§ **WHAT TO DO**
Transcribe only the lines in the data below falling between the line with "Elder Wand Illuminating Wand" and the line with "Tân Binh Triệu Đô Chapter 25 trang 94", including those two lines, and leave out any picture.

§ **EXERCISE MATERIAL**
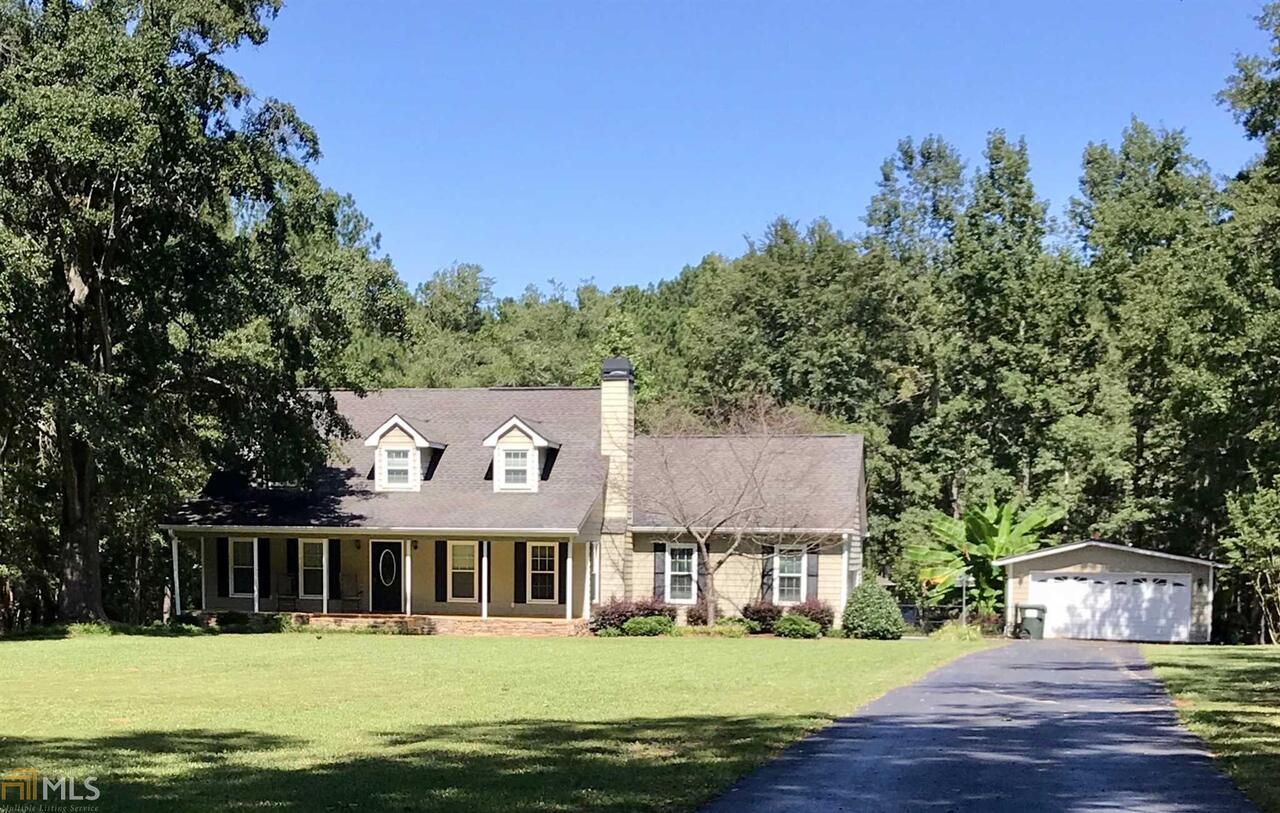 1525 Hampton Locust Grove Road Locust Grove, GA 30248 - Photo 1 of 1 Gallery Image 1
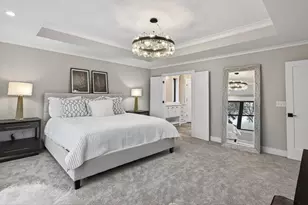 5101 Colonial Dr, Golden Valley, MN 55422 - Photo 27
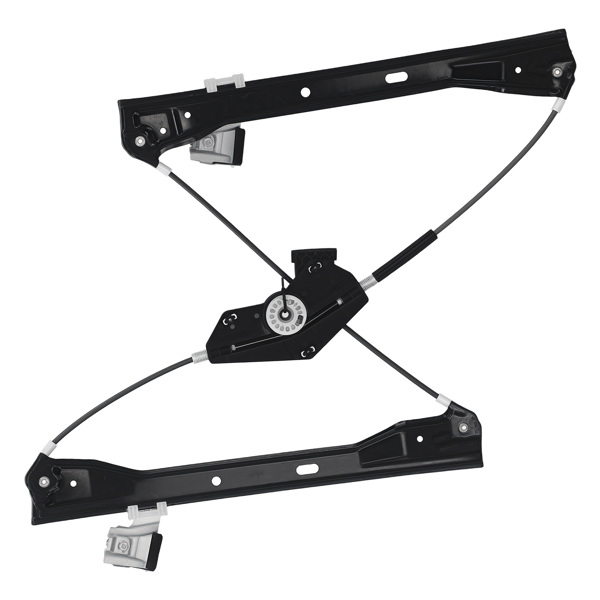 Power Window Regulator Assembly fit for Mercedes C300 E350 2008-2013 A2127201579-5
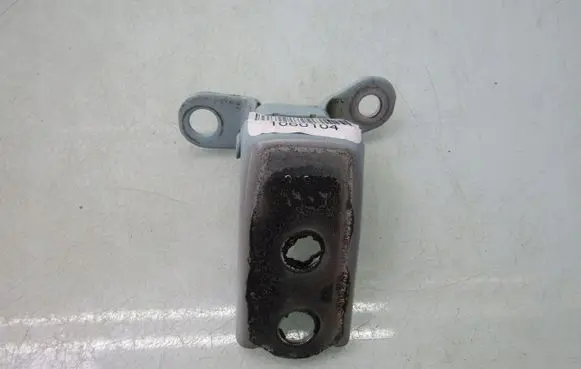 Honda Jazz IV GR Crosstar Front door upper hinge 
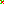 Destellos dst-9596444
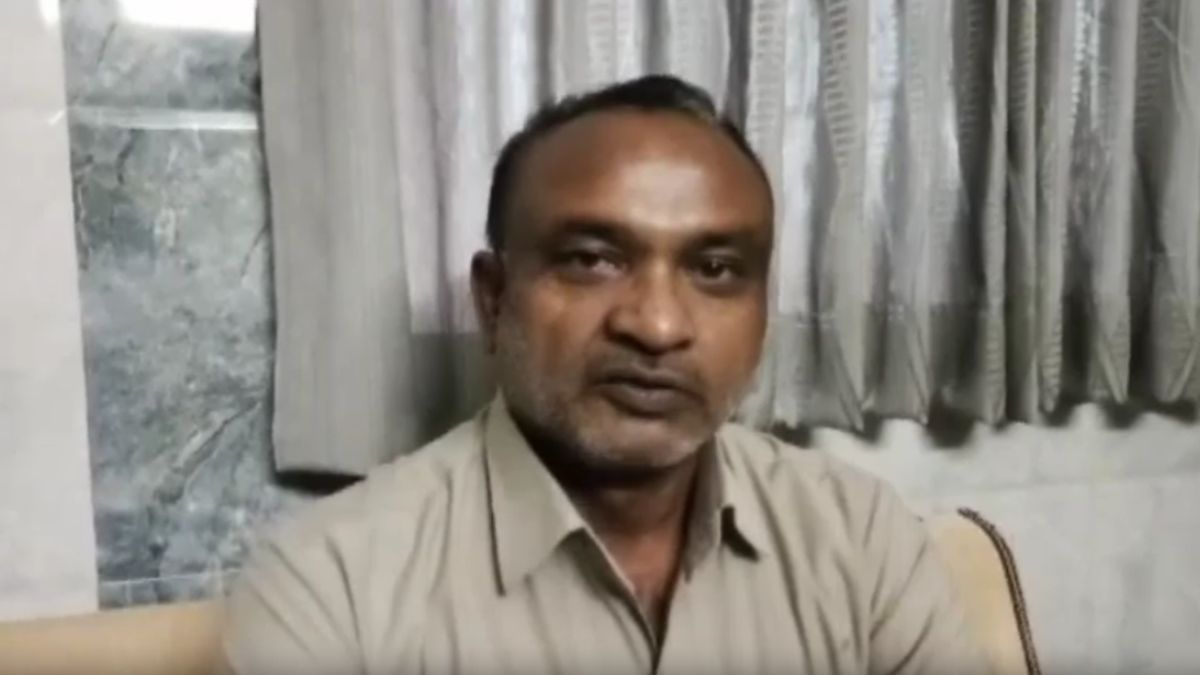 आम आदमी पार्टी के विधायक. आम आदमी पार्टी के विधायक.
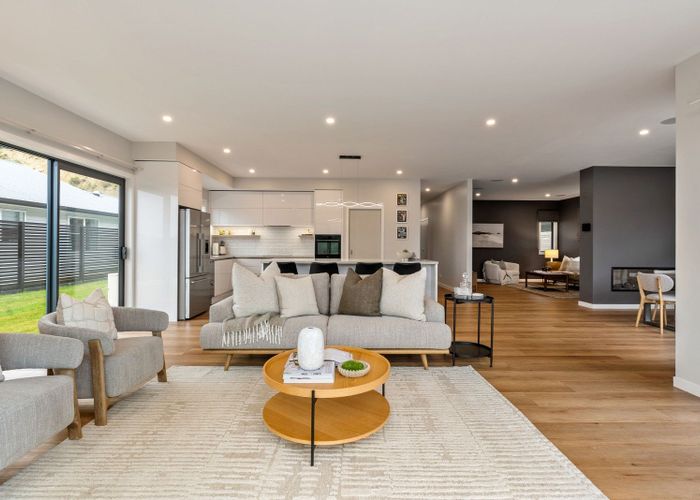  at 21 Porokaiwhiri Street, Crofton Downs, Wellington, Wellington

---

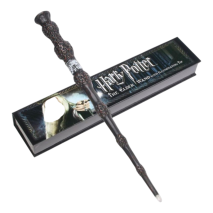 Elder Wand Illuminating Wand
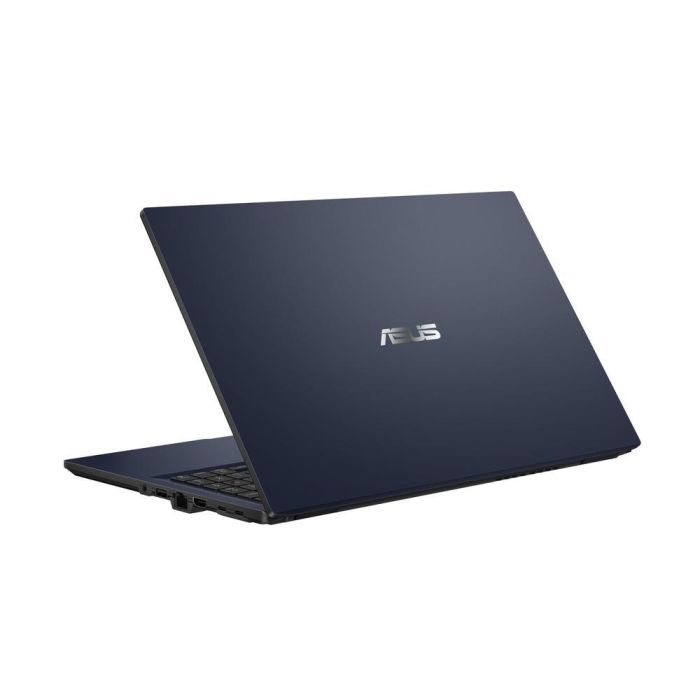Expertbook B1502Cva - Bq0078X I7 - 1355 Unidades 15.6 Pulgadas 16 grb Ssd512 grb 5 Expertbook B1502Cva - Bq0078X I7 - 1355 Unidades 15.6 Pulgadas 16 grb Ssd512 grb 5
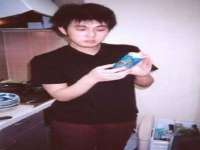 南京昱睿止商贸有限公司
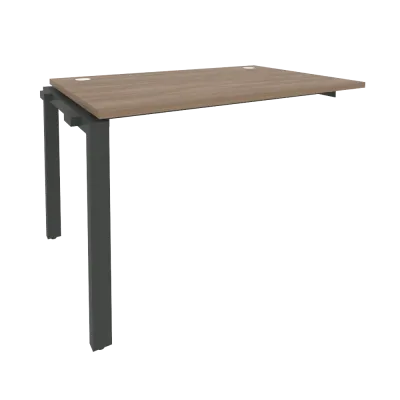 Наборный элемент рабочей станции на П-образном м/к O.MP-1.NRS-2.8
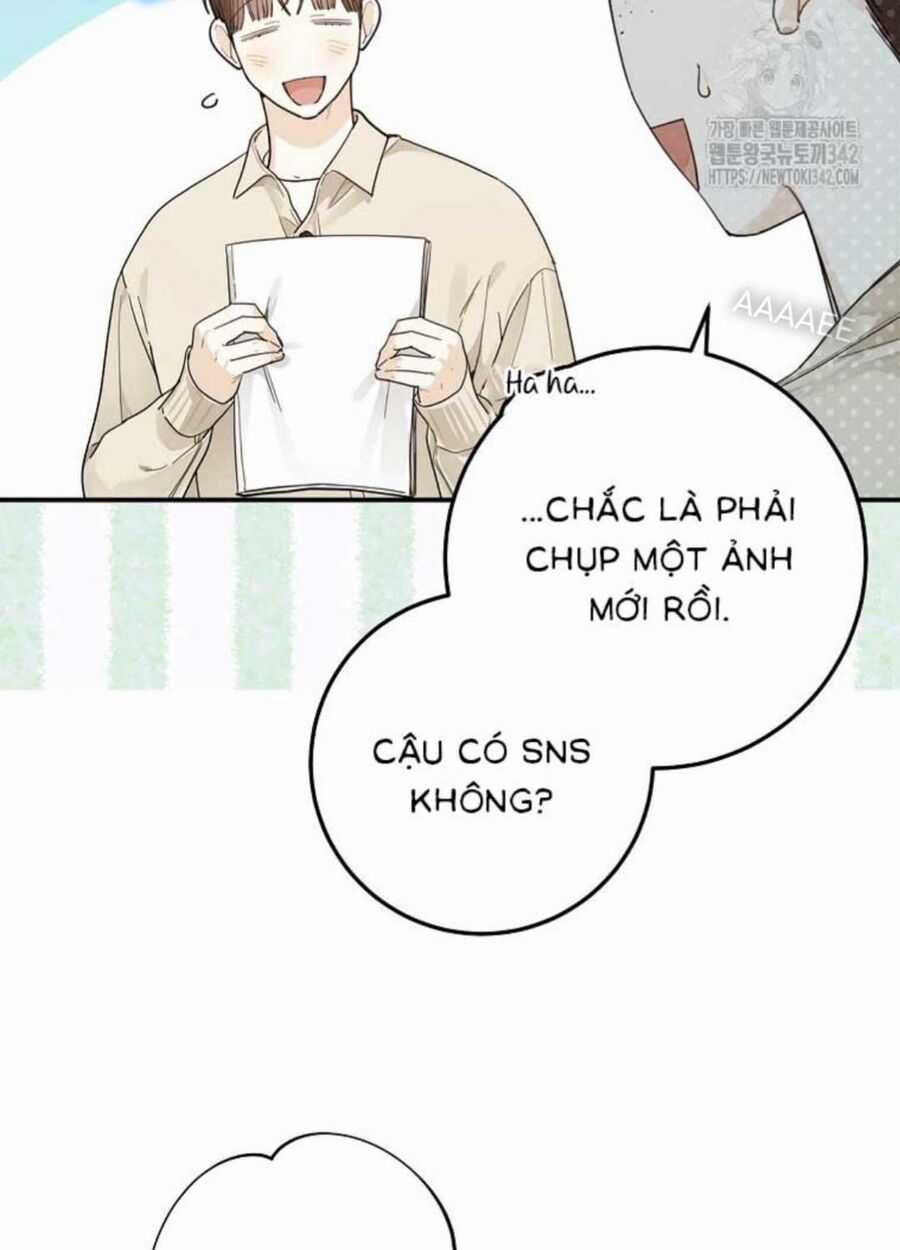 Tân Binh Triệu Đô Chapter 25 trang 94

§ **REPLY TO THE TASK**
 Elder Wand Illuminating Wand
Expertbook B1502Cva - Bq0078X I7 - 1355 Unidades 15.6 Pulgadas 16 grb Ssd512 grb 5 Expertbook B1502Cva - Bq0078X I7 - 1355 Unidades 15.6 Pulgadas 16 grb Ssd512 grb 5
 南京昱睿止商贸有限公司
 Наборный элемент рабочей станции на П-образном м/к O.MP-1.NRS-2.8
 Tân Binh Triệu Đô Chapter 25 trang 94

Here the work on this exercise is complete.